The way we listen to books has been de-socialized, stripped of context, which
has the solitary virtue of being extremely convenient.
But listening aloud,
valuable as it is, isn’t the same as reading aloud. Both require a great deal
of attention. Both are good ways to learn something important about the rhythms
of language. But one of the most basic tests of comprehension is to ask someone
to read aloud from a book. It reveals far more than whether the reader
understands the words. It reveals how far into the words — and the pattern of
the words — the reader really sees.
Reading aloud
recaptures the physicality of words. To read with your lungs and diaphragm,
with your tongue and lips, is very different than reading with your eyes alone.

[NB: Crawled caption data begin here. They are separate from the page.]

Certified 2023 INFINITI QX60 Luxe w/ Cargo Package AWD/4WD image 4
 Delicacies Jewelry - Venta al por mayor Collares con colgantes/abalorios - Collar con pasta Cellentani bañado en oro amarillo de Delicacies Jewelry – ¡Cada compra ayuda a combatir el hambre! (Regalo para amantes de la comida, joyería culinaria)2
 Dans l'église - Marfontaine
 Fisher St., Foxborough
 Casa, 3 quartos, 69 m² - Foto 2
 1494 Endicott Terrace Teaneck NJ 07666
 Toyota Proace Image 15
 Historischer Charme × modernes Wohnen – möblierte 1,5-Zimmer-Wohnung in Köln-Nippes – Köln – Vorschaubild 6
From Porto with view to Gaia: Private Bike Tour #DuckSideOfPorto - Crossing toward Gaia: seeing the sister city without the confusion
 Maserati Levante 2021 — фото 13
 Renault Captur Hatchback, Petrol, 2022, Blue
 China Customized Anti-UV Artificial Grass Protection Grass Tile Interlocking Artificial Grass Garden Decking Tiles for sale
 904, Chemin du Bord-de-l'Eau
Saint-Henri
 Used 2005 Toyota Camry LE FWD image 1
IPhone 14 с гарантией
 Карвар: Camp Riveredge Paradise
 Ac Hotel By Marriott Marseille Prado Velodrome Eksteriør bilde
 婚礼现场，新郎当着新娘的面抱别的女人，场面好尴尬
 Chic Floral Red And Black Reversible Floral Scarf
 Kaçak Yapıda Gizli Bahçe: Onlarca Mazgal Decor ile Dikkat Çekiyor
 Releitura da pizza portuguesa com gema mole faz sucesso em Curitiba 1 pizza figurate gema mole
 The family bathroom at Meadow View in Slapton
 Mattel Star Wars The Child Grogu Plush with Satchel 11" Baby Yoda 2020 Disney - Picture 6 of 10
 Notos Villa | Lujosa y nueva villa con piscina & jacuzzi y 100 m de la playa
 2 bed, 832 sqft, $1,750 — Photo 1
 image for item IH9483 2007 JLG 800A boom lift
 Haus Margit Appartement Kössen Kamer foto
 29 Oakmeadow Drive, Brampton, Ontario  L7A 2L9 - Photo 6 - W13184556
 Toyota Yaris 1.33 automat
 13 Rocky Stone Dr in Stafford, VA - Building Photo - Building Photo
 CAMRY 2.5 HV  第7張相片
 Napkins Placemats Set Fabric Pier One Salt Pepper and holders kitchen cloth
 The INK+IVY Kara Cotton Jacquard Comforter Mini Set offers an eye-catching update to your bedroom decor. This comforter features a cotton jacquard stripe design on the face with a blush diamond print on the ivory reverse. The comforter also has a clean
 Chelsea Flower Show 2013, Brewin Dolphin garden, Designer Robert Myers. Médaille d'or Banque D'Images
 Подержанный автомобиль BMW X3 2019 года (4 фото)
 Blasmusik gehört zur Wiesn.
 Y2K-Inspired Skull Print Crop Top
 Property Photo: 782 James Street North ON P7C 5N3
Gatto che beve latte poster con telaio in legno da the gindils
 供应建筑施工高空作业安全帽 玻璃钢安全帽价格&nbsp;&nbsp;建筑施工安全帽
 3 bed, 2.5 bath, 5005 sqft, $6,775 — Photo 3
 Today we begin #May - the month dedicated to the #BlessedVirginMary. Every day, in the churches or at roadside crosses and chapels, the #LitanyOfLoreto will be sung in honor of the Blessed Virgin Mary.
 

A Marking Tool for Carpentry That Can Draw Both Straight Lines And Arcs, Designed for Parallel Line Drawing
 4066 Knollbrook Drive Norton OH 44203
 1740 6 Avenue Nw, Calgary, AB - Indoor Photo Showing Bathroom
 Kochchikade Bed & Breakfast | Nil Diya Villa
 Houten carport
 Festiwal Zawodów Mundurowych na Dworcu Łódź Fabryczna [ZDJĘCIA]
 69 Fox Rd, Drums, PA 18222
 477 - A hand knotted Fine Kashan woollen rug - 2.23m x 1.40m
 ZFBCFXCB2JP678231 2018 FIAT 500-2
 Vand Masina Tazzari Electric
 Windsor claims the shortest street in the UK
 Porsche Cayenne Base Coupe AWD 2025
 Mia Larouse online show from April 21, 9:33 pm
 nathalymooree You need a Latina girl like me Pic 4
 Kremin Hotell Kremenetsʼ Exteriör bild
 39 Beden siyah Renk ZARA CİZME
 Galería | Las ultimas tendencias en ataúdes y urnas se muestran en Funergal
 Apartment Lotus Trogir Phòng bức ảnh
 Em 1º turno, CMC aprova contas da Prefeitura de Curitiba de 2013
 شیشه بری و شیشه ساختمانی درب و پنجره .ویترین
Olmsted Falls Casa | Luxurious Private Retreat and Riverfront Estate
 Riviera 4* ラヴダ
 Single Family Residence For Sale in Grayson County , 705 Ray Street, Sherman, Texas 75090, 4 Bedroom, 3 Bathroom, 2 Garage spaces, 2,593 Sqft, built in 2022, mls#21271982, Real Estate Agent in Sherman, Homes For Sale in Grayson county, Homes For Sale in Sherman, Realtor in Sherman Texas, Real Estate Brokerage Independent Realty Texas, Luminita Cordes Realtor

The language becomes a part of the body, which is why there is always a curious
tenderness, almost an erotic quality, in those 18th- and 19th-century literary
scenes where a book is being read aloud in mixed company. The words are not
mere words. They are the breath and mind, perhaps even the soul, of the person
who is reading.
No one understood
this better than Jane Austen. One of the late turning points in “Mansfield
Park” comes when Henry Crawford picks up a volume of Shakespeare, “which had
the air of being very recently closed,” and begins to read aloud to the young
Bertrams and their cousin, Fanny Price. Fanny discovers in Crawford’s reading
“a variety of excellence beyond what she had ever met with.” And yet his
ability to do every part “with equal beauty” is a clear sign to us, if not
entirely to Fanny, of his superficiality.
I read aloud to my
writing students, and when students read aloud to me I notice something odd.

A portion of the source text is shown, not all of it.